The first reason I’m suspicious that they would even be able to make a cure is that they still don’t really know how Ellie is immune. The chemical messenger is just a theory, an untested theory. They haven’t had access to Ellie’s cordyceps to determine if the doctor’s hypothesis is correct, much less use it to make a cure. And, as I’ve already discussed at length, how does the messenger work? Billions of other people have been infected and none of them developed immunity. I think it’s most likely that there is some rare trait inherent to Ellie that’s altered her cordyceps infection. It’s likely a genetic anomaly, but how would the Fireflies ever figure out what specific mutation is linked to her immunity? The best way to do this would be to sequence Ellie’s DNA, but The Human Genome Project, in which the entire human genetic code was sequenced, was only completed in April 2003, the same year as the cordyceps outbreak. How would they sequence her genome and interpret the results when the technology was much less developed and much more inaccessible than it is now? Finding such a mutation would be like looking for one misspelled word in the entire dictionary without knowing how to read.

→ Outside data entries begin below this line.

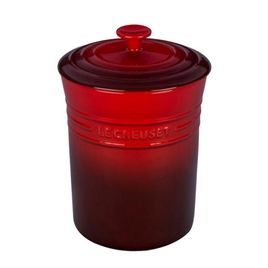 Porta Mantimento Médio Vermelho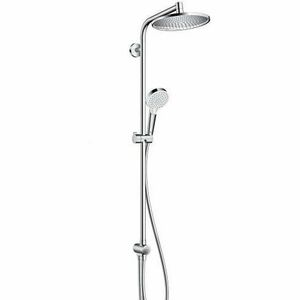 Set de dus fix si mobil HANSGROHE seria CROMETTA E 240 1JET RENO ECOSMART imagine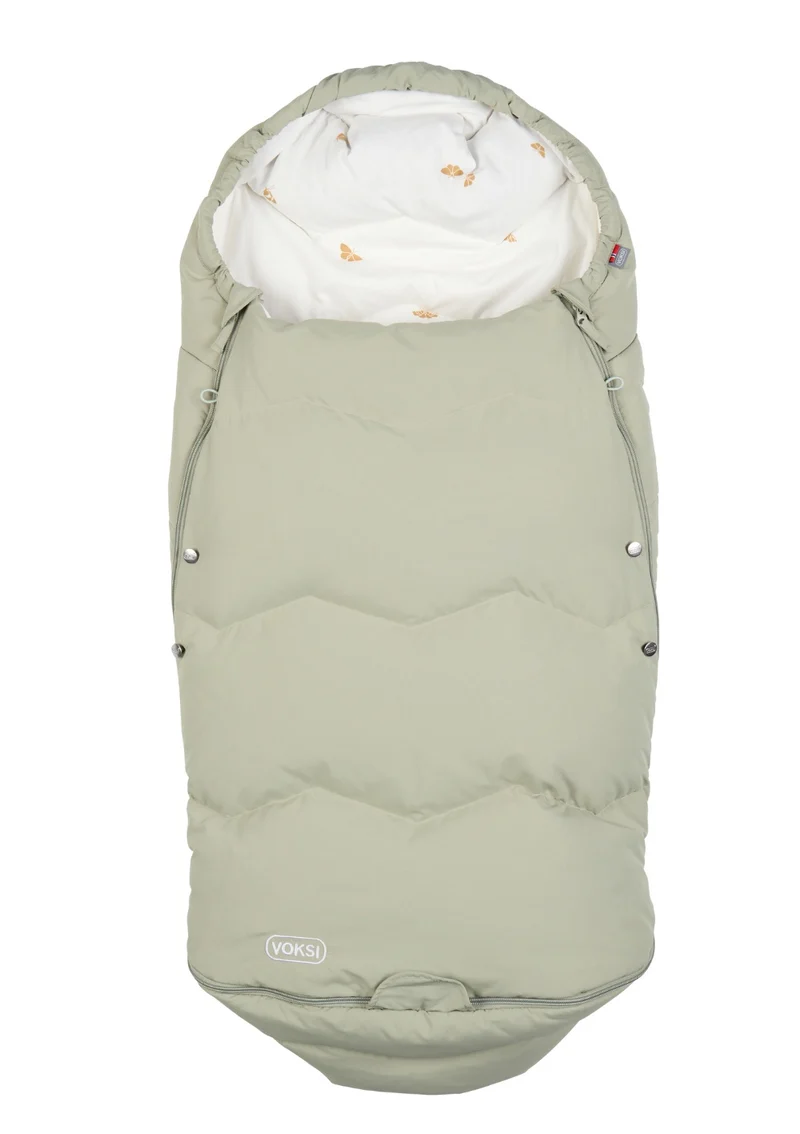 Fußsack 'Explorer' Misty Green
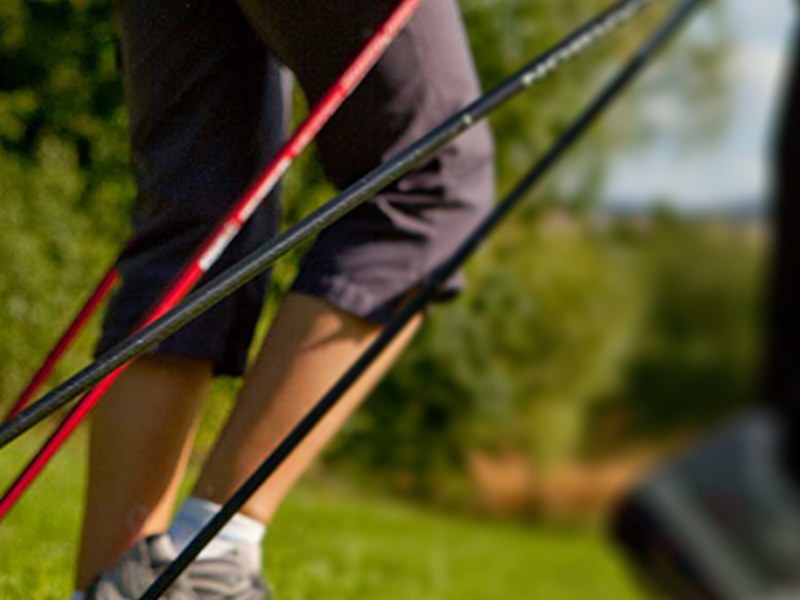Nordic Walking Bataioa - Mugikortasunaren Europako Astea egitaraua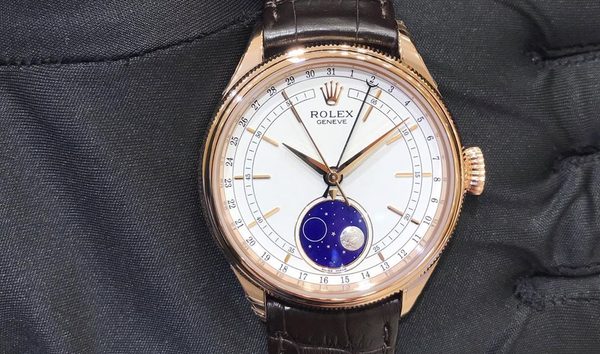 1 Rolex Cellini Moonphase for sale on 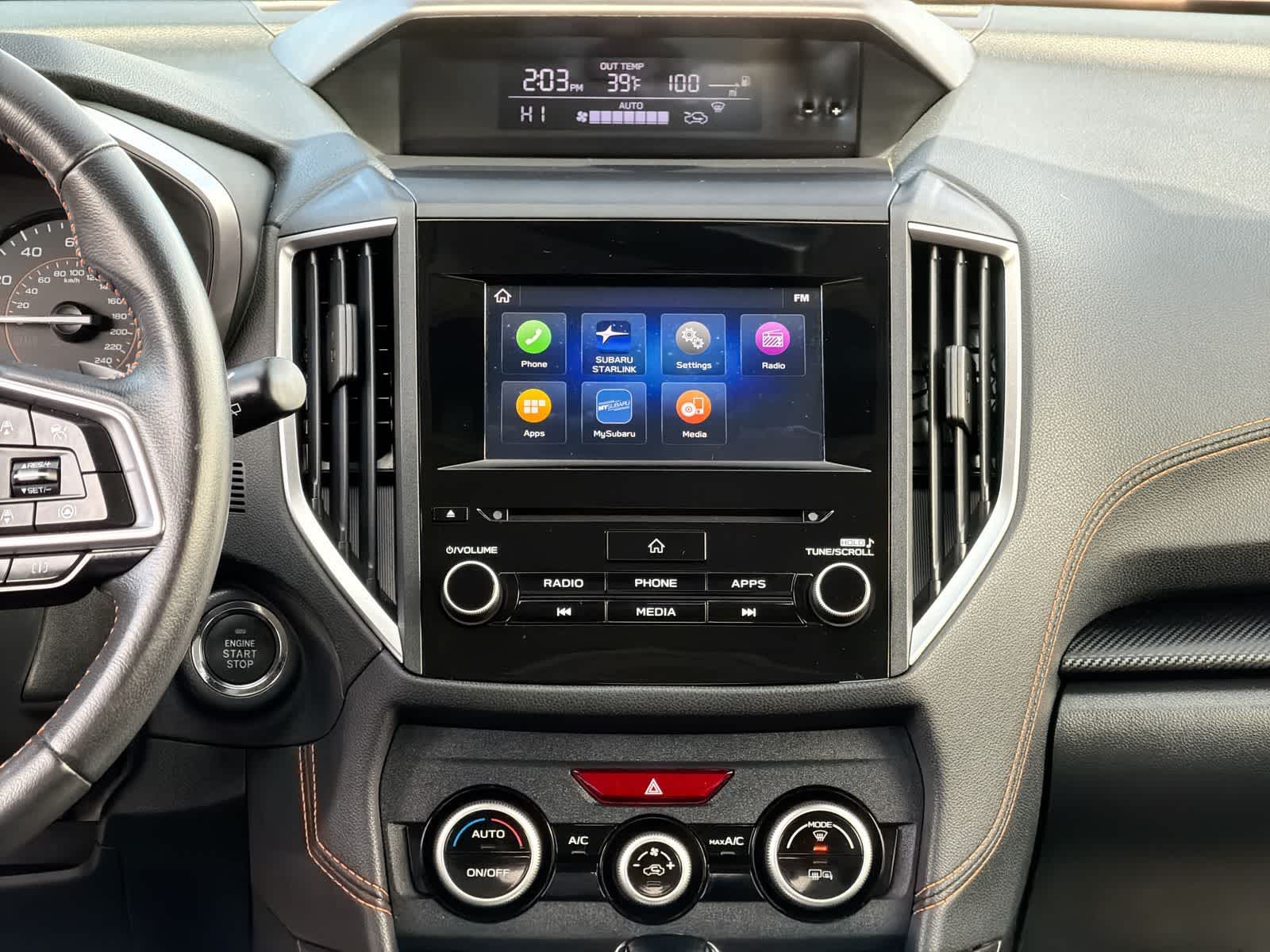 Thumbnail: 2023 Subaru Crosstrek - 29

Or, as the show implies, maybe Ellie is not unique, it’s the circumstances of her infection that are. If another woman were bitten right after giving birth but before the umbilical cord was cut would that baby also be immune? There’s no way to know without performing such a grisly experiment, or at least simulating it in some way. And if the results are different, does that disprove the messenger theory? What if that child is also immune? It’s not difficult to imagine how other groups might use that gruesome knowledge to create a generation of immune children.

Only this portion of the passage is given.